▶ Exercise directions
Everything except the pictures should be printed exactly as it appears in the records.
_ _ _ _ _ _ _
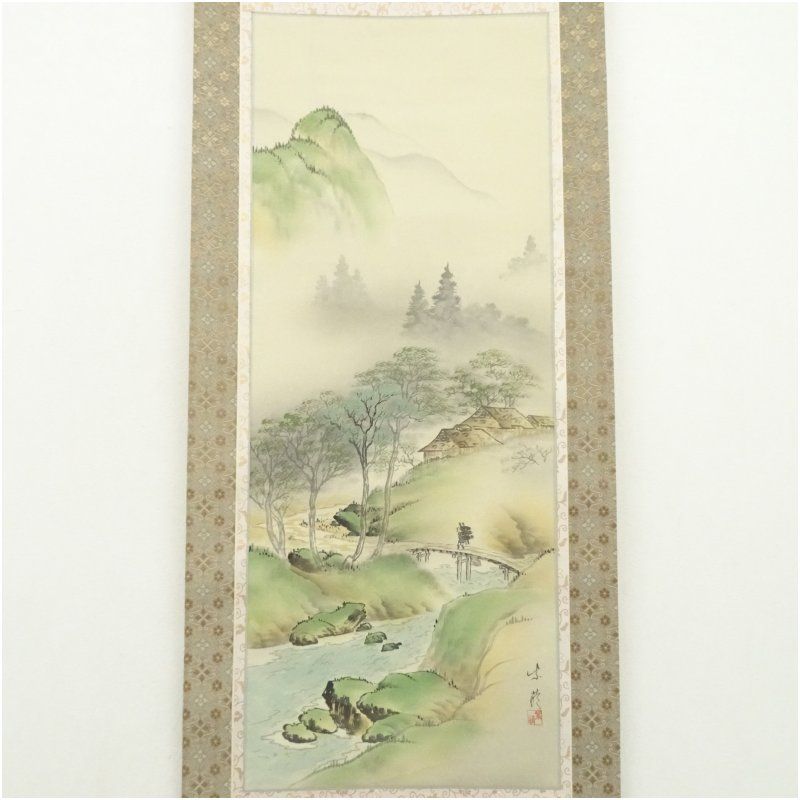 紫萌筆 彩色山水 肉筆絹本掛軸（共箱） 掛け軸 床の間 書 おしゃれ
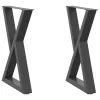  2 db antracitszürke acél étkezőasztalláb 50x(72-73,3) cm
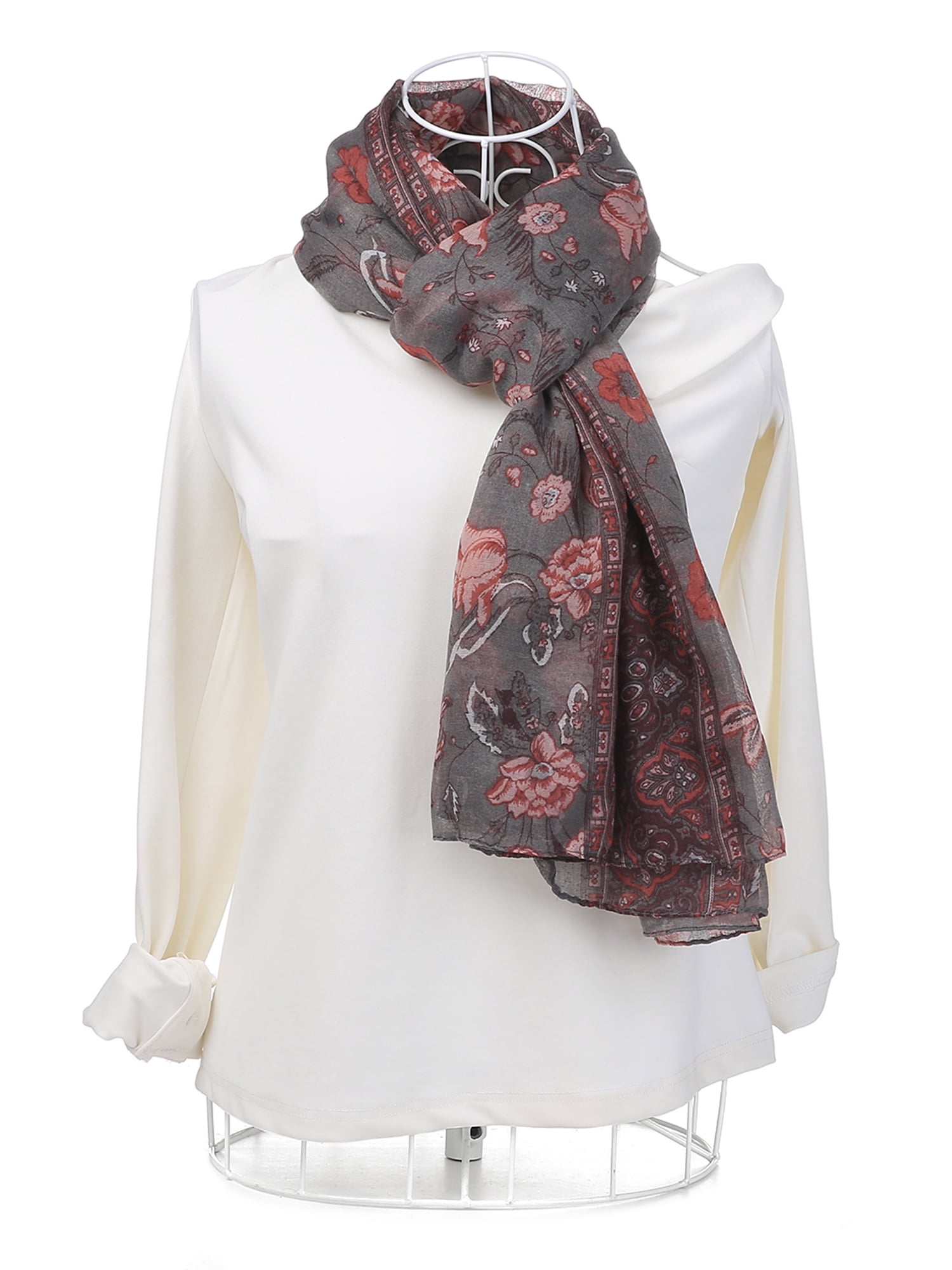 Unique Bargains Balinese Yarn Large Polyester Scarves Beach Shawls Vintage Wraps For Women Gray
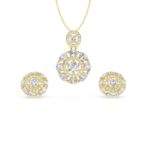 Charming Floral Diamond Pendant Set 14kt & 18kt Gold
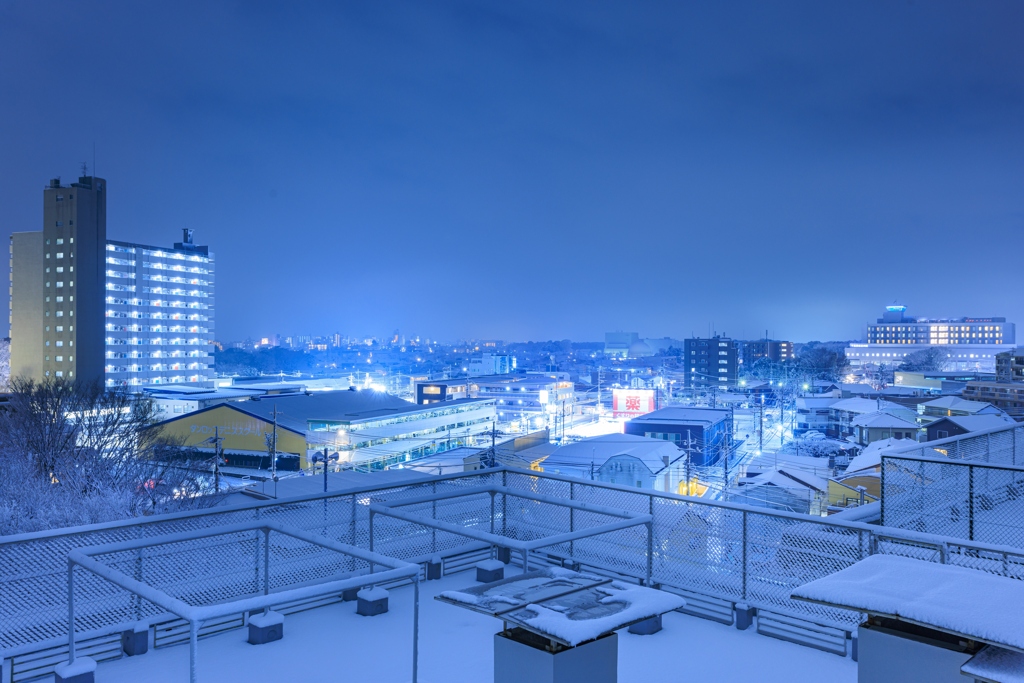 珍しい積雪　自宅屋上より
_ _ _ _ _ _ _
▶ Exercise solution
 紫萌筆 彩色山水 肉筆絹本掛軸（共箱） 掛け軸 床の間 書 おしゃれ
  2 db antracitszürke acél étkezőasztalláb 50x(72-73,3) cm
 Unique Bargains Balinese Yarn Large Polyester Scarves Beach Shawls Vintage Wraps For Women Gray
 Charming Floral Diamond Pendant Set 14kt & 18kt Gold
 珍しい積雪　自宅屋上より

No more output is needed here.